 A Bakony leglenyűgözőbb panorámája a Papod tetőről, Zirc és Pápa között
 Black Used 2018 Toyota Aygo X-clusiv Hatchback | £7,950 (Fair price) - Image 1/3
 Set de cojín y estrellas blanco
...
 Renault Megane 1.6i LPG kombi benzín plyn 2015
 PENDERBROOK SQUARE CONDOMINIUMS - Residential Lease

**What to do:** Give back the records above exactly, limited to the lines between the one holding "A Bakony leglenyűgözőbb" and the one holding "Set de cojín y estrellas blanco", inclusive.

**Solution to this exercise:**
 A Bakony leglenyűgözőbb panorámája a Papod tetőről, Zirc és Pápa között
 Black Used 2018 Toyota Aygo X-clusiv Hatchback | £7,950 (Fair price) - Image 1/3
 Set de cojín y estrellas blanco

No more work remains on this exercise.